◆ TASK DIRECTIONS ◆
Return the records below exactly, leaving nothing out.

◆ RECORDS SHOWN ◆
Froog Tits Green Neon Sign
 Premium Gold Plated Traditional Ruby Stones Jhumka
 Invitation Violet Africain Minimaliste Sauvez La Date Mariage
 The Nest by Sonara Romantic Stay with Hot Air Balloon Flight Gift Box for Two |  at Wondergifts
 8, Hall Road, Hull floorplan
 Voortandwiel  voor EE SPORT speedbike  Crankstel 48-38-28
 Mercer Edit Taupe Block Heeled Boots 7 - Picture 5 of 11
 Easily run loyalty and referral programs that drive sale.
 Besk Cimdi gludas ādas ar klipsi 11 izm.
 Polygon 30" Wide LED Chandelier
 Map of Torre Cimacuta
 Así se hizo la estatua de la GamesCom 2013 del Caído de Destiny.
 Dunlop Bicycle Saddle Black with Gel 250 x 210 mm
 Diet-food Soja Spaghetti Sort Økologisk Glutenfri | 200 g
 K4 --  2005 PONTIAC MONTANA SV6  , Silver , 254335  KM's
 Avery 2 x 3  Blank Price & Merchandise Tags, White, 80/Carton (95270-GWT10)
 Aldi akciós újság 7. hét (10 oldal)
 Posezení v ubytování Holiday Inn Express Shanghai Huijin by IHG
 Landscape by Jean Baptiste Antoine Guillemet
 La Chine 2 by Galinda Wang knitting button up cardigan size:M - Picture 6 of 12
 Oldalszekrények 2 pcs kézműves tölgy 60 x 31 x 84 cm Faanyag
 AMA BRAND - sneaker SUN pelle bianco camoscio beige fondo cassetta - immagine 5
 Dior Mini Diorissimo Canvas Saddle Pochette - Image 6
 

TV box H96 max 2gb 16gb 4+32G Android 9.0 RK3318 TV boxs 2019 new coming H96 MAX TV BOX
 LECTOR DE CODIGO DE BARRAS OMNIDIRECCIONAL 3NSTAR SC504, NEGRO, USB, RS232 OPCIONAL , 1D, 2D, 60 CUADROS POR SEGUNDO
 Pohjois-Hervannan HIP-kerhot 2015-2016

◆ EXPECTED OUTPUT ◆
Froog Tits Green Neon Sign
 Premium Gold Plated Traditional Ruby Stones Jhumka
 Invitation Violet Africain Minimaliste Sauvez La Date Mariage
 The Nest by Sonara Romantic Stay with Hot Air Balloon Flight Gift Box for Two |  at Wondergifts
 8, Hall Road, Hull floorplan
 Voortandwiel  voor EE SPORT speedbike  Crankstel 48-38-28
 Mercer Edit Taupe Block Heeled Boots 7 - Picture 5 of 11
 Easily run loyalty and referral programs that drive sale.
 Besk Cimdi gludas ādas ar klipsi 11 izm.
 Polygon 30" Wide LED Chandelier
 Map of Torre Cimacuta
 Así se hizo la estatua de la GamesCom 2013 del Caído de Destiny.
 Dunlop Bicycle Saddle Black with Gel 250 x 210 mm
 Diet-food Soja Spaghetti Sort Økologisk Glutenfri | 200 g
 K4 --  2005 PONTIAC MONTANA SV6  , Silver , 254335  KM's
 Avery 2 x 3  Blank Price & Merchandise Tags, White, 80/Carton (95270-GWT10)
 Aldi akciós újság 7. hét (10 oldal)
 Posezení v ubytování Holiday Inn Express Shanghai Huijin by IHG
 Landscape by Jean Baptiste Antoine Guillemet
 La Chine 2 by Galinda Wang knitting button up cardigan size:M - Picture 6 of 12
 Oldalszekrények 2 pcs kézműves tölgy 60 x 31 x 84 cm Faanyag
 AMA BRAND - sneaker SUN pelle bianco camoscio beige fondo cassetta - immagine 5
 Dior Mini Diorissimo Canvas Saddle Pochette - Image 6
 

TV box H96 max 2gb 16gb 4+32G Android 9.0 RK3318 TV boxs 2019 new coming H96 MAX TV BOX
 LECTOR DE CODIGO DE BARRAS OMNIDIRECCIONAL 3NSTAR SC504, NEGRO, USB, RS232 OPCIONAL , 1D, 2D, 60 CUADROS POR SEGUNDO
 Pohjois-Hervannan HIP-kerhot 2015-2016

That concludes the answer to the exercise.